На крутом перевале (сборник) - Марин Ионице
Шрифт:
Интервал:
Закладка:
Солдат поднимается и перебирается поближе к играющим. Ловит мяч, который она выпускает из рук.
— Вы не хотите поиграть?
— Если не помешаю…
Он входит в круг, вежливый, сдержанный. А рядом девушка… неземное существо.
Но вот уже никто не играет в волейбол. В городе идет футбольный матч. Пляж пустеет. Девушка появляется попозже с двумя книгами. Вроде читает… или только делав! вид.
— Разрешите?
Она молчит, но и не прогоняет.
— Как вы находите эти книги?
— Так себе…
— Девушки в пансионе читали их под одеялом при свете карманного фонарика, и лица их опухали от слез.
— Может быть.
— Потому что в то время это были запретные для школьниц книги.
— А почему?
— Любовный роман. Подрывная литература!
— Я не думаю, что вы с тех пор…
— Я — нет. Но мой преподаватель — да. У нас был один учитель литературы…
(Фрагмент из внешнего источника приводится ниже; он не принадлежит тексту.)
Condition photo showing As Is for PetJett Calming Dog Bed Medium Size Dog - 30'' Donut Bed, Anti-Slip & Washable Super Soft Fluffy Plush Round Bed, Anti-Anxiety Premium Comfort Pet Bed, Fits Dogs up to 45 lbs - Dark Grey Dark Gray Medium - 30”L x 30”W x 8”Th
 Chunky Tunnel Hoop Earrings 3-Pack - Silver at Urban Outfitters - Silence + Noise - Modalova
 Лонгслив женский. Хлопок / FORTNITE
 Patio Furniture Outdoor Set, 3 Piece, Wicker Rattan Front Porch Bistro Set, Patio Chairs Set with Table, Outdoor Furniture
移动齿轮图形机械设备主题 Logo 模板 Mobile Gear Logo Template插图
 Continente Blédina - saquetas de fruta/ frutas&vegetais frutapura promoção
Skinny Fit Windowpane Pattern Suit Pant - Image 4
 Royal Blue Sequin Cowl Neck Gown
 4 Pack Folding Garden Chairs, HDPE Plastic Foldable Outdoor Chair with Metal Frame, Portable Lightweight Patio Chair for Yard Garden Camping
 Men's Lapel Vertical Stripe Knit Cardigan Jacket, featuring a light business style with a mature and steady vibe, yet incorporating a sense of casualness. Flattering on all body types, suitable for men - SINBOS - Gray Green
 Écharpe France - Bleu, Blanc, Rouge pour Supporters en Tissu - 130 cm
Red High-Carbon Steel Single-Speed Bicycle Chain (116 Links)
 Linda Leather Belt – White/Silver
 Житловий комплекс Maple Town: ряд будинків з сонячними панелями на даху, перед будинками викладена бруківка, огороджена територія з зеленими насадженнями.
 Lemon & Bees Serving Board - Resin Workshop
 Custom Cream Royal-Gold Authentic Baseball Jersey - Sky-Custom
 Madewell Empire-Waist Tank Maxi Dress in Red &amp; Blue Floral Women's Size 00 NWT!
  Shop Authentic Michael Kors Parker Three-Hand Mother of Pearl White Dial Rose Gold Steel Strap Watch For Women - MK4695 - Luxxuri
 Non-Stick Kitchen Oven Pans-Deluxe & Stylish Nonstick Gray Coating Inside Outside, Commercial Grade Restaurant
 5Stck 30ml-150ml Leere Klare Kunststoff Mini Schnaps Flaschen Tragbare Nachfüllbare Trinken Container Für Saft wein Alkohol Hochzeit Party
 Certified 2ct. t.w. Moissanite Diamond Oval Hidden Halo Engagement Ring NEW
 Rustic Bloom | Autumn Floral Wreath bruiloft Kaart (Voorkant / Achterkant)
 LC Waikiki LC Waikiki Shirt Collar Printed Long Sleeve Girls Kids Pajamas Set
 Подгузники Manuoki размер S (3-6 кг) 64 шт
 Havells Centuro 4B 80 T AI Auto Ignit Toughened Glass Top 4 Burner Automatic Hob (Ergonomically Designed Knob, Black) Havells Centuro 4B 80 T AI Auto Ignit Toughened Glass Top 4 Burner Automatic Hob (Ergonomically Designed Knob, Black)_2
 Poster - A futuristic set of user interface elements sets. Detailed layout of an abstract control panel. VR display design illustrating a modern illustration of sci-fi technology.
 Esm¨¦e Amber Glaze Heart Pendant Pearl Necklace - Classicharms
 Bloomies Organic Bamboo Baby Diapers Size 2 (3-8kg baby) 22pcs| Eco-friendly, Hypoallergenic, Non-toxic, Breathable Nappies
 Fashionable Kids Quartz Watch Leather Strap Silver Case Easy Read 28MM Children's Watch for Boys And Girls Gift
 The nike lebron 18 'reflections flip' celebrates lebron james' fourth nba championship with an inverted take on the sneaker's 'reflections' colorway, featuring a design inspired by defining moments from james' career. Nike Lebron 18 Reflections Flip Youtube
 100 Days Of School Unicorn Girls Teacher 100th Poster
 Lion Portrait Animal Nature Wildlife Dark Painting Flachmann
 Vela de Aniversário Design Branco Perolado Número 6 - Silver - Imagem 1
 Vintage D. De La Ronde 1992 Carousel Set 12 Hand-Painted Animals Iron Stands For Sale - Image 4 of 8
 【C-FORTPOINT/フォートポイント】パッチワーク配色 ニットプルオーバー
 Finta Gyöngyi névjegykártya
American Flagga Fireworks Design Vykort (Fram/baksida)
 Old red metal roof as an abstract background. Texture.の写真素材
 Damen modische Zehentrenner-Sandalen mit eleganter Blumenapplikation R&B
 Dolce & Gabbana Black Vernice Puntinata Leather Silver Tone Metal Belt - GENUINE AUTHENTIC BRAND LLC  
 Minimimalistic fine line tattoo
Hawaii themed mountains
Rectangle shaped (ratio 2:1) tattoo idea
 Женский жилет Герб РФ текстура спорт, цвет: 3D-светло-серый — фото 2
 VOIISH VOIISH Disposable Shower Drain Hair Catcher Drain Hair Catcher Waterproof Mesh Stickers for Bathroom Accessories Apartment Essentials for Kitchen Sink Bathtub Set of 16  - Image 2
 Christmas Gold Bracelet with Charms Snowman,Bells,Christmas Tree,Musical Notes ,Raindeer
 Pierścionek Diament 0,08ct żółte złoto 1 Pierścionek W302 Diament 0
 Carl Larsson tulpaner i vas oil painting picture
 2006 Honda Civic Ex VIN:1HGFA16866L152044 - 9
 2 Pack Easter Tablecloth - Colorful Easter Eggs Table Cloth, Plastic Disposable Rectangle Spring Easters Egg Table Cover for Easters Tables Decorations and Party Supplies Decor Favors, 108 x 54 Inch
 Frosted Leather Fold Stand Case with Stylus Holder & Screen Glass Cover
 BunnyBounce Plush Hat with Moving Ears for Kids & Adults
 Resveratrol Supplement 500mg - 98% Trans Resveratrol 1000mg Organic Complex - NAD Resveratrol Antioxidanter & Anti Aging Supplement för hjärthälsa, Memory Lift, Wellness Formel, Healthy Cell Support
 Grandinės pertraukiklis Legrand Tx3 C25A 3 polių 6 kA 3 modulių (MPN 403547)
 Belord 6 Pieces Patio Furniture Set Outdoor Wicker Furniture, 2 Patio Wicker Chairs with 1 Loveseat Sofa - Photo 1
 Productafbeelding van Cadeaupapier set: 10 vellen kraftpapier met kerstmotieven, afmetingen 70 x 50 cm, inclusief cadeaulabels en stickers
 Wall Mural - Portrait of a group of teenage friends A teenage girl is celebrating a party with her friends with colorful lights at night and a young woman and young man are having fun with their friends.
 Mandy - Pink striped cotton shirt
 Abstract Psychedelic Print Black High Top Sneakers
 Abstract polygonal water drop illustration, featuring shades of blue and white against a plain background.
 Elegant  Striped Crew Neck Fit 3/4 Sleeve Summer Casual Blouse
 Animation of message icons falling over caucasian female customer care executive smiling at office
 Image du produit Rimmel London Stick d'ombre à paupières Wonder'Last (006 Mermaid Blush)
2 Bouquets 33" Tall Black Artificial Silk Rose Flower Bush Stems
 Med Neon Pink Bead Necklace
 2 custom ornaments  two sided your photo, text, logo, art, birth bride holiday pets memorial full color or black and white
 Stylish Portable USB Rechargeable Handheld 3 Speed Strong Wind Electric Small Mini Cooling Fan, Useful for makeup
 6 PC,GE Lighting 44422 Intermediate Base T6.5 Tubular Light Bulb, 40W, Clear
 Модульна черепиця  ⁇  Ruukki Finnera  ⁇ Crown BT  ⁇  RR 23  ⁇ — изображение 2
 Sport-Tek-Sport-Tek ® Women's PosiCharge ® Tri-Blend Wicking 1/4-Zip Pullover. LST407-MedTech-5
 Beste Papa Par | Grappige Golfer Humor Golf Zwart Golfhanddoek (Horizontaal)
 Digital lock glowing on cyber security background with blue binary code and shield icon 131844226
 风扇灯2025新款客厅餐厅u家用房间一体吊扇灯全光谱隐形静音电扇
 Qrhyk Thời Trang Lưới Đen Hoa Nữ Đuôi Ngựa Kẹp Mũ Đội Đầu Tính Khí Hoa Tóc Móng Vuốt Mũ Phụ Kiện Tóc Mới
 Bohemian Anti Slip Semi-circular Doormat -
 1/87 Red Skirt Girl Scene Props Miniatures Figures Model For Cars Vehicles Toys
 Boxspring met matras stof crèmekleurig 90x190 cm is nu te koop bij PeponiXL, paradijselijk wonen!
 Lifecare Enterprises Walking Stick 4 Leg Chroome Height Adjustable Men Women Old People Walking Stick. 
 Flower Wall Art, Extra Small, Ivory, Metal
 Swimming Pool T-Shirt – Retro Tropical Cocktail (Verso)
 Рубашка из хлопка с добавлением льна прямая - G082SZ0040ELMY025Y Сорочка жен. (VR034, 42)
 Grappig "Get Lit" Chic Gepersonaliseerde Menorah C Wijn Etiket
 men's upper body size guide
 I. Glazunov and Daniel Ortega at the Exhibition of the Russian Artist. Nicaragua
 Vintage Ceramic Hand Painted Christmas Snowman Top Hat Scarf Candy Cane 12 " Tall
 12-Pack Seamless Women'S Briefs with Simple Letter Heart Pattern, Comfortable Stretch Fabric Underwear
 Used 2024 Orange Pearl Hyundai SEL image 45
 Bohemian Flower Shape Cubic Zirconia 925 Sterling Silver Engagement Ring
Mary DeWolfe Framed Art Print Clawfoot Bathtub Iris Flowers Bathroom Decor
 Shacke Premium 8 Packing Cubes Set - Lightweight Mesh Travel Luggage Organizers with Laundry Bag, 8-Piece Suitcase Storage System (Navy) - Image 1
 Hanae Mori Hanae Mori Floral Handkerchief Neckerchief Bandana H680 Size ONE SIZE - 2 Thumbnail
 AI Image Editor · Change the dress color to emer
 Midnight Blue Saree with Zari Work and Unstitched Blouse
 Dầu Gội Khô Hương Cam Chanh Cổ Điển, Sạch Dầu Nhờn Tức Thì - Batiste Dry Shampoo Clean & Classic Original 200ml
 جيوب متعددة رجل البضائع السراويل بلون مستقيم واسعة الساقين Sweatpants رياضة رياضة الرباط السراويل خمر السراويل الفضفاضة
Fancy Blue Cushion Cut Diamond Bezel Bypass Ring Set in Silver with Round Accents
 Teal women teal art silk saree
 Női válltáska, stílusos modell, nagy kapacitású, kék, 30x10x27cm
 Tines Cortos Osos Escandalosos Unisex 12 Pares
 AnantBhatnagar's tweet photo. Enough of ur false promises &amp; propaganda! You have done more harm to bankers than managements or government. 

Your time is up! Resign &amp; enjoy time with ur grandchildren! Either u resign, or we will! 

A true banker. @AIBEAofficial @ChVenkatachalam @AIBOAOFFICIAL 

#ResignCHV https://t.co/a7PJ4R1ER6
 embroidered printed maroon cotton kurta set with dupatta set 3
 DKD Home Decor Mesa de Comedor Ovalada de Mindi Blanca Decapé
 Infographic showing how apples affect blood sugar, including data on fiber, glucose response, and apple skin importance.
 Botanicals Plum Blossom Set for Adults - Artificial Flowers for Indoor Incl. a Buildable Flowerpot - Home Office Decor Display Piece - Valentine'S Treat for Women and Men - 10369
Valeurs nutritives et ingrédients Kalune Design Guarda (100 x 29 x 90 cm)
— «Город с акациями» — это наш город. Писатель был отсюда родом.
— А в городе разве еще остались акации?
— Ах, вы нездешний?
— Ну да… то есть… во всяком случае, я не видел акаций. Я обращаю на них внимание, когда они цветут. Когда под их кронами прогуливаются влюбленные, держась за руки, и лепестки цветов падают им на волосы… Так остались еще акации в городе?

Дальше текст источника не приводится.